O vakit çaresizsiniz. Çaresizlik, yas sürecine girdiği zaman içinizi öldürüyor. Aynı zamanda bir gün bu çaresizlikten kurtulmak için içinizde öfke birikiyor. Yas tutmak, kaybettiğiniz kişiye, onu düşünerek, bazen ağlayarak, bazen gülerek veda etmektir.

Ona “Allahaısmarladık” demek... Normal yas süreci böyle bir şey. 90 yaşındaki büyüğünüz öldüğü vakit başka, 3 yaşındaki çocuğunuzu kaybettiğinizde başka... Çeşit çeşit yaslar var. Birisini gömüyorsunuz ama onun imajı, psikolojik ikizi kafanızda.

O ikizi de gömmek lazım.
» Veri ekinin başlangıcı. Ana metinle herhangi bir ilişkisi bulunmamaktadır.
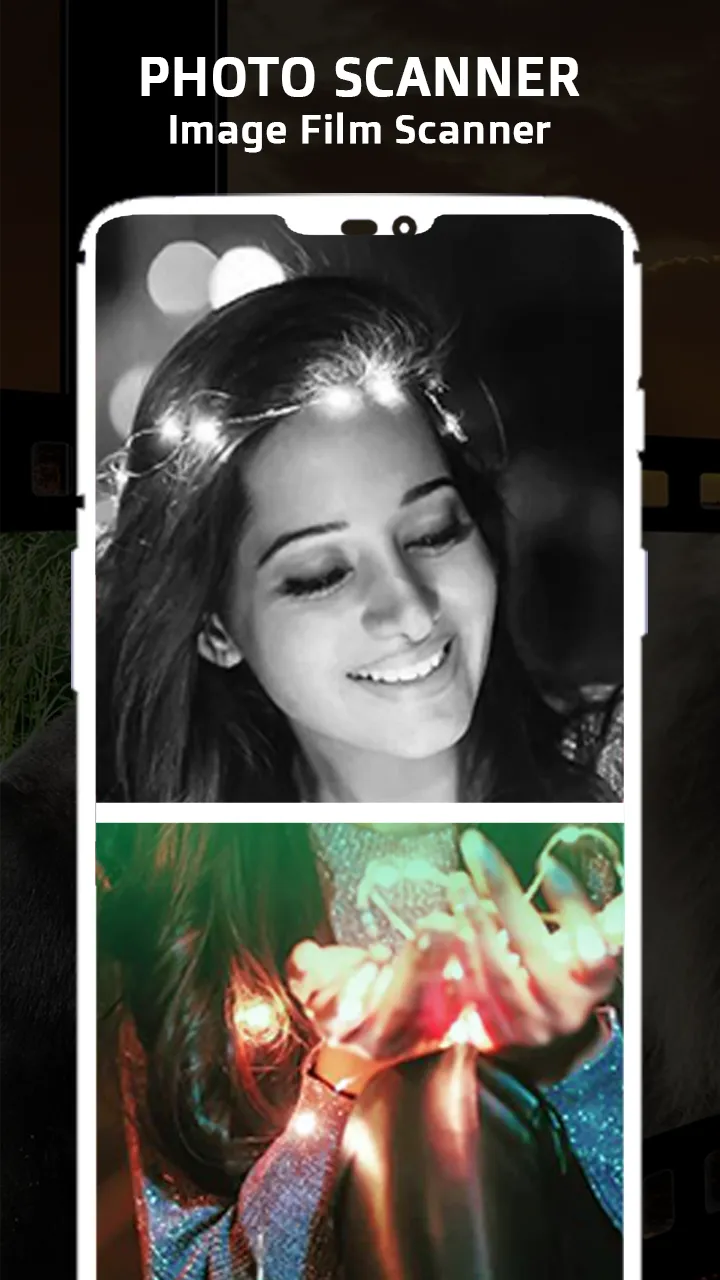 Photo Scanner - Image Film Sca | Indus Appstore | Screenshot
Ama onu hemen gömmenin imkânı yok. Onunla yavaş yavaş, konuşa konuşa, hatırlaya hatırlaya, 1-2 senede vedalaşıyorsunuz. O zaman, her an aklınıza gelmiyor. Yas tutmak, kaybedilen kişinin ikiziyle ilişkinizi yavaşlatmak demek.

■ Peki travma varsa?

Çaresizlik, öfke varsa, onurunuz kırılmışsa yas tutma imkânı yok. Kaybettiğiniz kişi her aklınıza geldiğinde öfke duyarsınız. Böylece yas süreci komplikasyona girer.

Türkiye’nin psikolojisi, birincisi kutuplaşma, ikincisi yas tutamama. Yas tutamıyoruz. Çok yayıldı. Milyonlarca kişi yas tutmada zorlanıyor. Ankara’da olanları milyonlarca kişi gördü. Ben de görünce ağlamaklı oldum, içim acıdı.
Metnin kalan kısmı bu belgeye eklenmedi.